Content Marketing - Content Rules!

Wrong focus

So as soon as I say “prospects,” sales begins to think “dollar signs.” But back up the truck a moment. Yes, we are doing this to gain revenue, but you won’t get there nearly as fast or as often unless you provide value and pave the way for a clear channel of two-way communication and a trusted partnership first. There will come a time to sell, but webinars are a time to inform, to converse, to ask, to inspire and to build credibility. Get this part right and the dollars will follow.

Sloppy execution

Having the right information does not always solve the problem. Knowing what you want is great, but making it happen takes a good plan, hard work, attetion to detail, hard work, a good plan “B”, more hard work and a lot of flexibility. Consider these ideas before you plan your next webinar series.

Start with the why

If I were your target prospect, why would I attend your webinar? Remember that I likely have 10 meetings today, 300 emails, 25 voicemails from sales people, and oh yeah, a couple deadlines looming. In order to get me to register, you better have a good bead on what’s keeping me up nights. Use that horror story to develop a killer title that will grab my attention, even though I’m breezing through my inbox at 90 miles an hour, and you just might get me to sign up.

Storyboard it

“Just winging it” will lose my attention faster than a C-Span two hour special on foreign exchange rates. Start with a really good story. Not a fairy tale. Not a pitchfest. No one wants to hear about your products and services.  Map out a really good true story I can relate to that I can see myself in. Winning. Getting a promotion. Being a hero, sitting on a beach. Being asked to tell others how I did that. Map out the beginning with a great hook, two or three great illustrations and a strong finish. Then, and only then should you fire up Powerpoint and start building a presentation.

Make it a conversation

I like webinars that have a lively and likeable moderator who keeps things flowing and fun. Add in a couple knowledgeable and engaging speakers and I’m there. Even so, I and my colleagues have short attention spans. We can only sit and absorb so long. We need interaction. Some great ways to do this: ask the audience to vote on a subject you’re discussing. Asking for a volunteer to share their experience is another way, but sometimes a little harder to stay “on script.” Either way, make it a two – way exchange or people will be checking email and playing angry birds instead of hearing your key points.

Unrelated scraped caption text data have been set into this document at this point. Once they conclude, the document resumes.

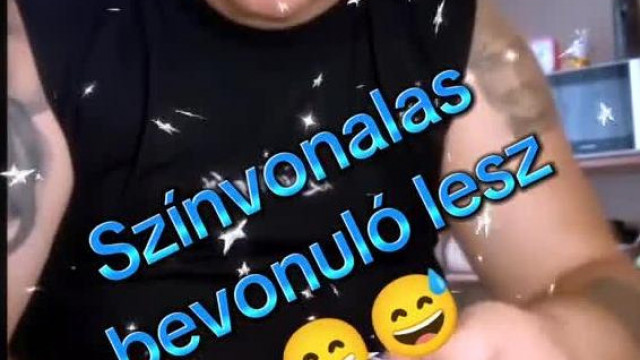 Loca pantera fogja Subi Roli bevonuló zenéjét énekelni az arbiton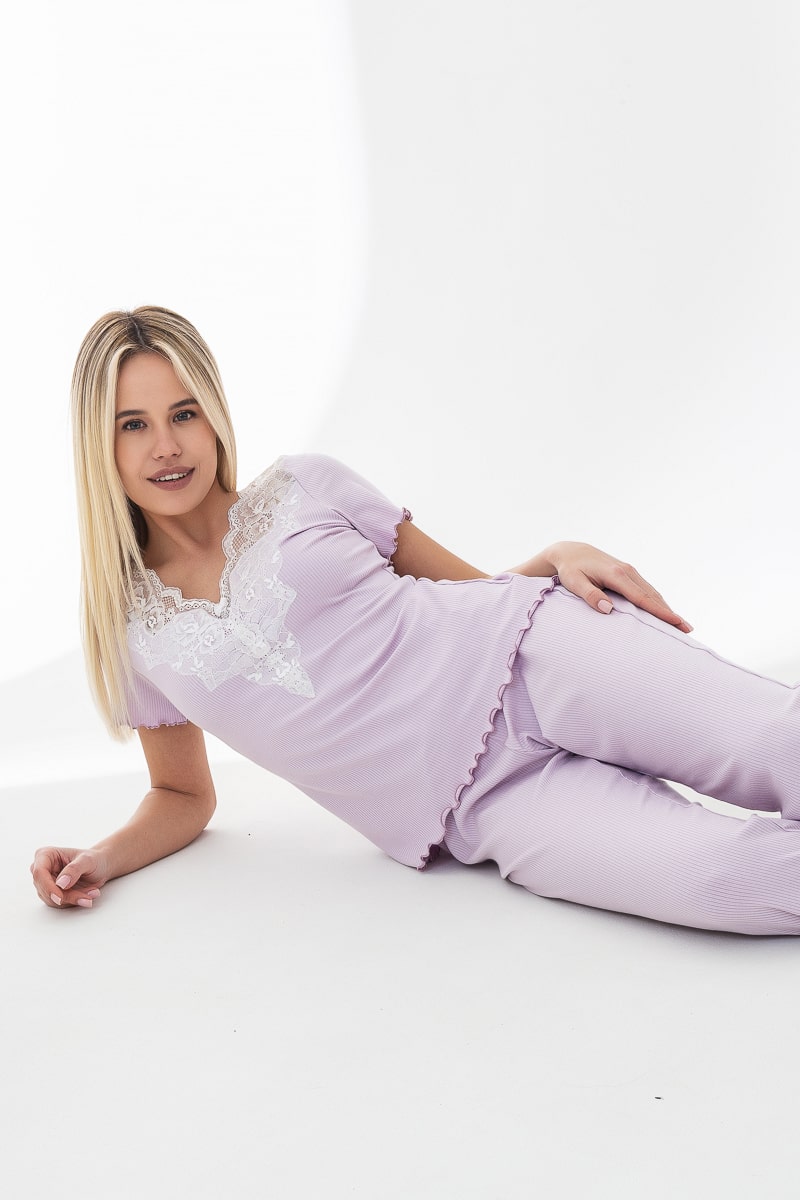Пижама из вискозы с капри Лотос 100055-3 lavender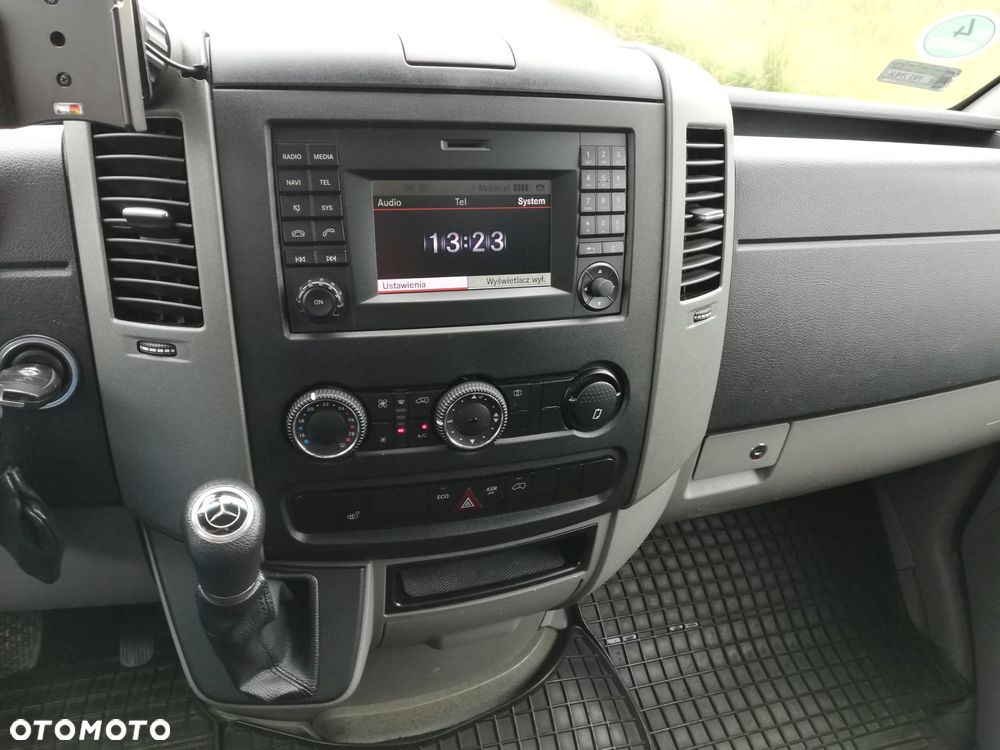 Mercedes-Benz Sprinter - 11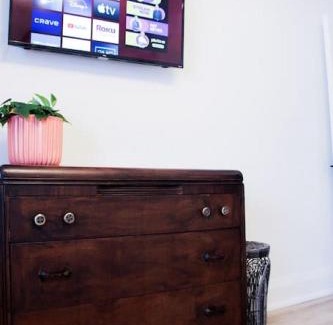 Rossmore House | Hotel-style Waterfront Family Suite & Sunset Views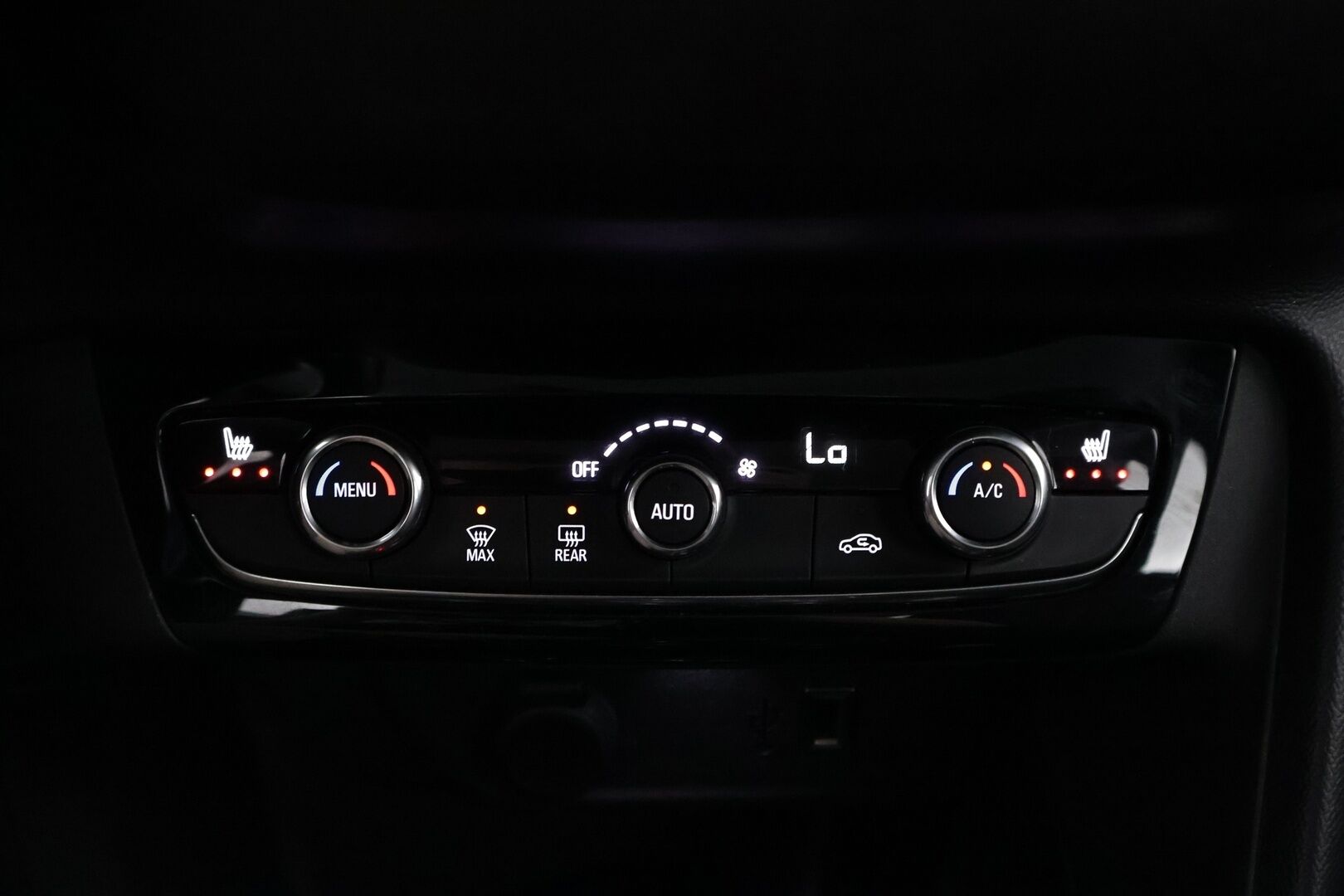 OPEL Corsa-e 2021 5-ov Comfort 136 automaatti - Vakkari | Peruutuskamera | Ratinlämmitys | Peruutustutkat | Digimittari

Encourage backchannel chatter

Provide a twitter hashtag for the event. This allows people to create side conversations together, share quotes with eachother, express themselves during the event some webinar tools also provide a chat function for this purpose. Create a hashtag anyway. Give us a choice. Get people talking about the ideas among themselves and among their peers. If you produce good content and make it easy to share, it will spread across the internet fast.

Use reality and humor

Two things that will kill a webinar: fairy tales and boredom. I want to know about someone like me who used you idea and was succesful, not features or benefits; real people who really got help from this. Secondly, I want to be entertained. Make me laugh a little, even if it’s at myself. This should be fun! Not like Mr. Kravitz math class.

That final slide

Now we have the story. We’ve had a conversation, we’ve learned something new, built a bit of a relationship. Don’t just shut the door. Continue the conversation. Provide a white paper to download, or a second webinar on a related idea. Perhaps a way to buy or get a demo. And always invite relationship with several ways to connect! Is there a Linkedin group? Is there a twitter chat? Is there a meetup? Here’s where you should get me to continue down this road. Ask me for something; some next step.  Always provide a call to action and let it linger there on the screen while you ask if anybody has questions or comments.

What else?

For all 25 great webinar content markteting tips check out Ann Handley and C. C. Chapman’s book: “Content Rules.” What an awesome collection of ideas, which I have only touched on here!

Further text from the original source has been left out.